Murphy brought an impishness to his performances, which included the music of Ellington and Cole Porter, Bossa Nova music and bebop stream-of-consciousness. He could hold a single note for 12 bars, or suddenly soar from a deep, dark-hued tone to an anguished falsetto cry.

Murphy had minor hits, in 1959 with This Could Be the Start Of Something Big and Fly Me To The Moon in 1963. But, just as his career seemed ready to really take off, The Beatles dominated the charts, and popular music was forever changed.

From 1963 to 1972, Murphy chose to live in London, singing in nightclubs and working as an actor. Murphy later said:

“It was a bad time for all the boppers. All the undergrounders had surfaced in the late 1950s and early 1960s; then we had to scatter again and wait.”

When he returned to the USA, Murphy signed with the Muse label, making a series of albums that showed his wide range of musical interests. He recorded ballads, Brazilian music and songs associated with Nat “King” Cole. He wrote lyrics for instrumental tunes, including Freddie Hubbard‘s Red Clay, which were recorded by others.

His version of The Ballad Of The Sad Young Men, Fran Landesman and Tommy Wolf’s mournful gay ballad of dying hope and fading youth is something of a tour de force. There was no one better at taking a familiar song and turning it inside out, spilling its guts and finding the feeling underneath.

Murphy grew up in a musical family, singing in church choirs and he began studying piano at seven-years old. He sang in his brother’s dance band as a teenager and modeled his early vocal style after Peggy Lee.

According to James Gavin’s excellent biography Is That All There Is? The Strange Life Of Peggy Lee, in 1959, Murphy and Lee shared the same label, Capitol Records and he tried to get close to Lee. She invited him to her house, and she put the moves on him by the pool, and he was terrified and fled. Later, Lee was asked to write the liner notes for a Murphy album. She did. It read:

”As the expression goes, you might say he blows…and he’s attractive single.”

Murphy was humiliated. He sent Lee a box of long-stem roses with the buds cut off and a note that read: ”Dear Peggy, I think you know what to do with these…”

He studied music and theatre at Syracuse University, graduating in 1953. That year, Sammy Davis Jr. heard Murphy at a jam session and invited the singer to join him onstage.

After his first album was released in 1957, Murphy appeared several times on The Steve Allen Show. He moved to Los Angeles, and briefly worked as a pianist for the comic Don Rickles.

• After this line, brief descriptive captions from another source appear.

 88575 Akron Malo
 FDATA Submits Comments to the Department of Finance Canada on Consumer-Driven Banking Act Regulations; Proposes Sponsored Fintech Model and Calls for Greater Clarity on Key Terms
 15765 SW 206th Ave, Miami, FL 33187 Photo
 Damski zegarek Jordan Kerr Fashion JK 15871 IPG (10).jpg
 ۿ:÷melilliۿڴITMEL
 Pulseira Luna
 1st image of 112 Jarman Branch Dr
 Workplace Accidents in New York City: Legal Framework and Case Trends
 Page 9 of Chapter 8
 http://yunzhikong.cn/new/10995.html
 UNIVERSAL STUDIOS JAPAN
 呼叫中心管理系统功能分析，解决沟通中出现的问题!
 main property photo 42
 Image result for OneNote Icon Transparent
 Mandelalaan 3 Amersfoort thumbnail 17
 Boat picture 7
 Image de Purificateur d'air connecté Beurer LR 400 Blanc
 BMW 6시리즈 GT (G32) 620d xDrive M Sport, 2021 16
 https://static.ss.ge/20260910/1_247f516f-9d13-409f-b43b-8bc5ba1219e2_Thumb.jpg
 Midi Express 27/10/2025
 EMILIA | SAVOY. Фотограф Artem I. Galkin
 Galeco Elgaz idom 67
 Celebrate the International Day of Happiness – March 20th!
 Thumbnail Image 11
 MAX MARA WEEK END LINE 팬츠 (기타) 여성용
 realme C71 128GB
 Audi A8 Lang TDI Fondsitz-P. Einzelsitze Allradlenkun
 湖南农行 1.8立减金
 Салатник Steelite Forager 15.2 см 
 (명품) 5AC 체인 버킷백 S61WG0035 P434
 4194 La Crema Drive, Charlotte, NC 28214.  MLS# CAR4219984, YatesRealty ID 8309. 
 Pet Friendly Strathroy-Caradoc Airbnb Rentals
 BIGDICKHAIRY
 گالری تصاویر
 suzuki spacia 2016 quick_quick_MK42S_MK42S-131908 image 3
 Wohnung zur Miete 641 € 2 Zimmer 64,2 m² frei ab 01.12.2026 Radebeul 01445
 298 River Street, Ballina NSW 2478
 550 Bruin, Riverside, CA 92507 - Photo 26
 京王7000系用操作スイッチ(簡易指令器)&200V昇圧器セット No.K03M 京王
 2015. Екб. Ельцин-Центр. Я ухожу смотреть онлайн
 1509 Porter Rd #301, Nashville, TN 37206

Murphy was sort of rediscovered in the 1990s and his supple voice never seemed to age. He taught master classes and singing and came to be recognized as one of the most innovative jazz singers of his generation.

Murphy made some of his most heartfelt albums late in his career, including Once To Every Heart (2005) and Love Is What Stays (2007).

Although he rarely spoke about his private life. He grew used to the snide whispers and disapproving stares because he was gay. By the late 1970s he and his partner Eddie O’Sullivan, whom he had met in London, had settled in San Francisco, where they could feel comfortably out-of-the-closet. In his curly brown toupee, mustache, bell-bottoms, and tee-shirt, Murphy sang at clubs in the Bay Area. He had an RV that he drove to out-of-town gigs. O’Sullivan was taken by the plague in 1990.

1975, via Wikkimedia Commons

Listening to him while composing this post, he sings some of my favorite songs: It Might As Well Be Spring, with the cautiousness of a man who couldn’t quite trust happiness; a chilling downward take on a much darker view of the season with Spring Can Really Hang You Up The Most; his voice full of surprises with ghostly wails, falsetto highs, and descents into bass territory. He does I’ve Got You Under My Skin at an incredibly slow tempo that is almost like a meditation.

Murphy took that final curtain call in 2015, after years of being a resident the Lillian Booth Actors Home in Englewood, NJ. He was 83-years old, taken by pneumonia.